**EXTRACTED INFORMATION**
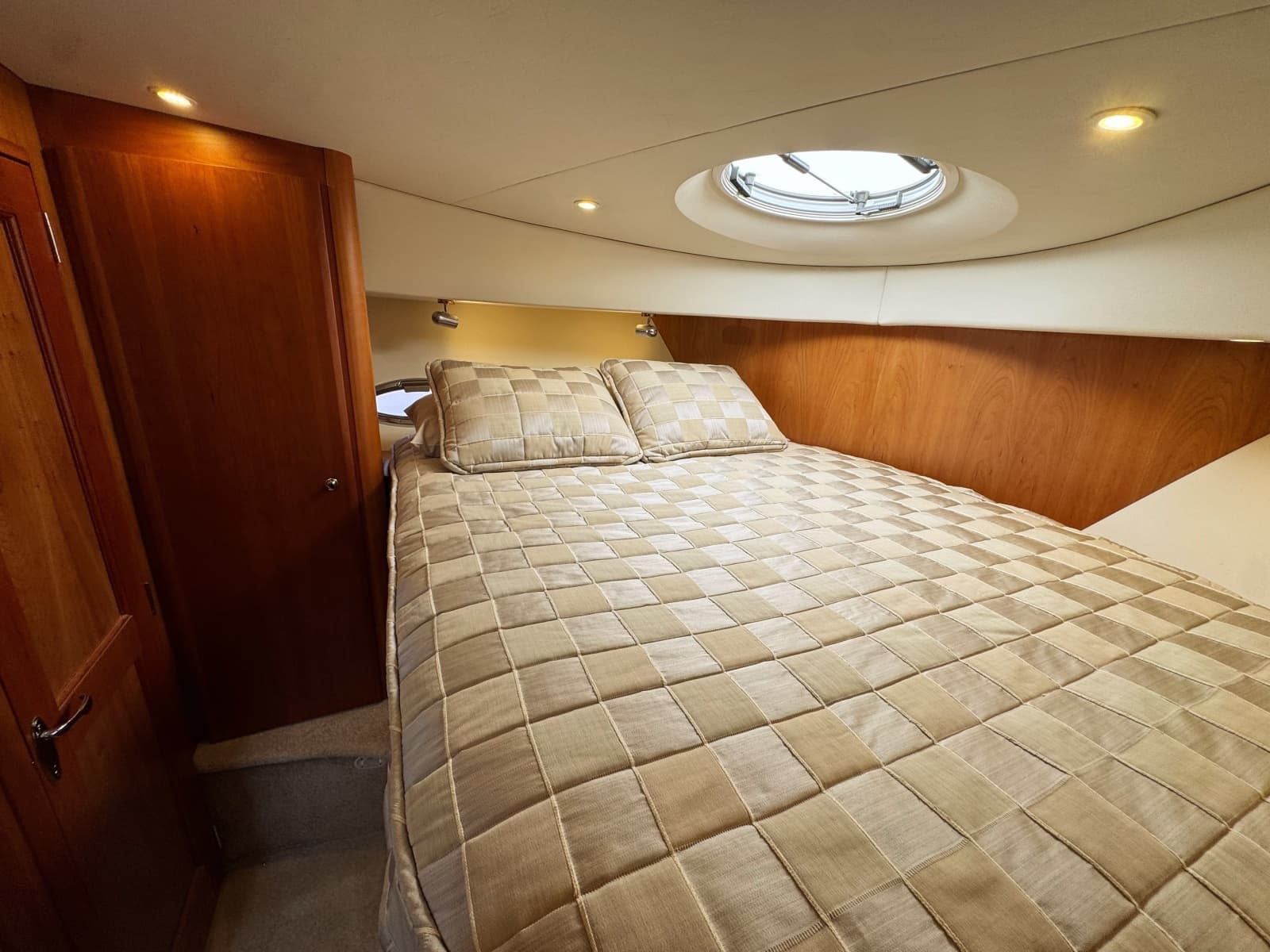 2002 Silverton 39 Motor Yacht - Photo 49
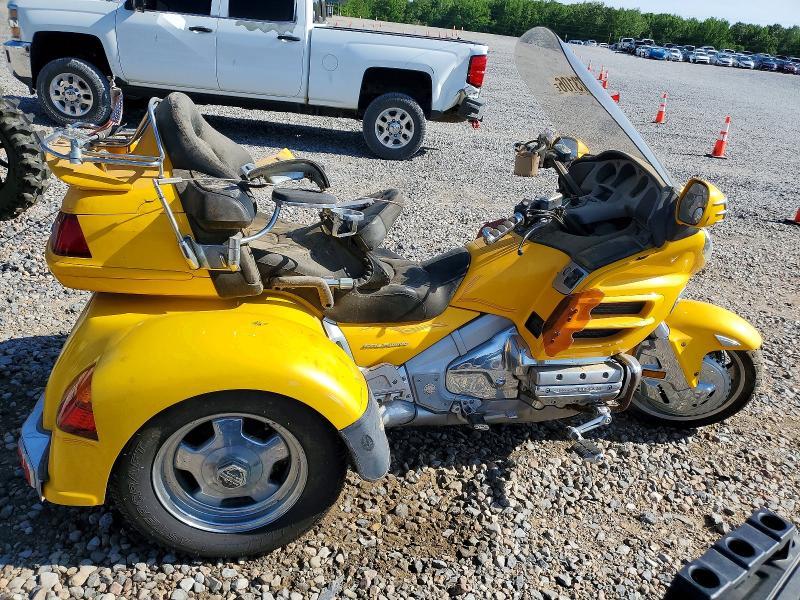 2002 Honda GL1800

* * *

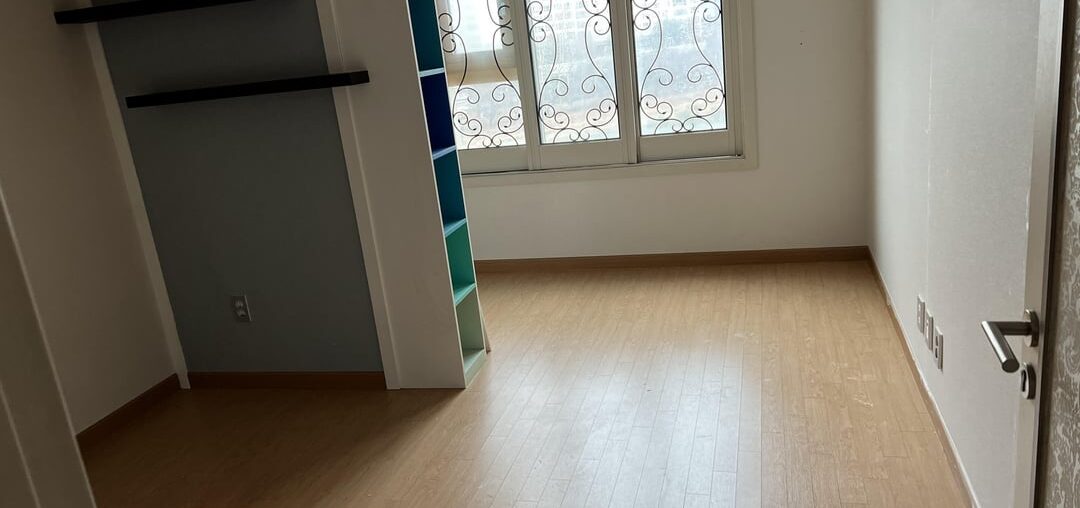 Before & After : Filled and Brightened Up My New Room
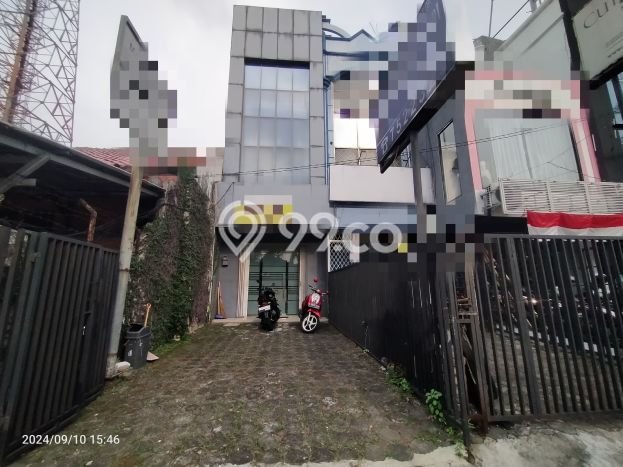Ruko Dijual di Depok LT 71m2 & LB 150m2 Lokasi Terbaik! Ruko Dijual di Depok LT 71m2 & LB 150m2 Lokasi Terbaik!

**WHAT THE TASK ASKS**
In the listing above, find the line with "Before & After" and the line with "Lokasi Terbaik! Ruko". Copy exactly those two and every line between, without the pictures.

**ANSWER**
 Before & After : Filled and Brightened Up My New Room
Ruko Dijual di Depok LT 71m2 & LB 150m2 Lokasi Terbaik! Ruko Dijual di Depok LT 71m2 & LB 150m2 Lokasi Terbaik!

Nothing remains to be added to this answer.